Severe drought warning soon to be a reality for Clarence

CLARENCE Valley residents have been warned to put their jumpers and tracksuits back in the bottom drawer and rescue their shorts and t-shirts from hibernation with the tropical Pacific region tipped to head deep into a severe El Nino weather pattern.

A spokesperson from the Bureau of Meteorology, which forecast the El Nino weather pattern in May, said it has now developed into a mature system and is expected to remain in place well into 2016.

"The ocean and atmosphere are reinforcing each other, with tropical Pacific Ocean temperatures well above El Nino thresholds, consistently weakened trade winds and a strongly negative Southern Oscillation Index," the spokesperson said.

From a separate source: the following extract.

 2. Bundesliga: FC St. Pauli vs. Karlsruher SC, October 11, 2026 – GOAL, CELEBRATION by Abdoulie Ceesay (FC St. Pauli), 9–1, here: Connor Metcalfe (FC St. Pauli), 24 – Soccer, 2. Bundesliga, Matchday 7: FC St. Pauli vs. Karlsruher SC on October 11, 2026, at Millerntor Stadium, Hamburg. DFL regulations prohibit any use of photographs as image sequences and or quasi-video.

"Strong coupling of the tropical Pacific Ocean and atmosphere is typical of a mature El Nino and suggests only a small chance of the event finishing before the end of the year."

BOM manager of climate prediction services Andrew Watkins said the current El Nino cycle has been likened to some of the worst Australia has experienced including the 1982-83 and 1997-98 events, both of which triggered widespread drought across the nation.

"Where we're sitting now, there's a clear comparison with some of the strongest events we've seen in the past," he said.

"We're not expecting the event to peak until late in the year or early 2016."

Mr Watkins' expectations have been mirrored by peak climate bodies around the world including the National Oceanic and Atmospheric Administration which said that latest readings "reflect a significant and strengthening El Nino".

Clarence Valley residents will likely observe the El Nino system with bated breath, as climatologists predict a La Nina system to return following its conclusion. The last La Nina system brought floods to the Valley in 2012.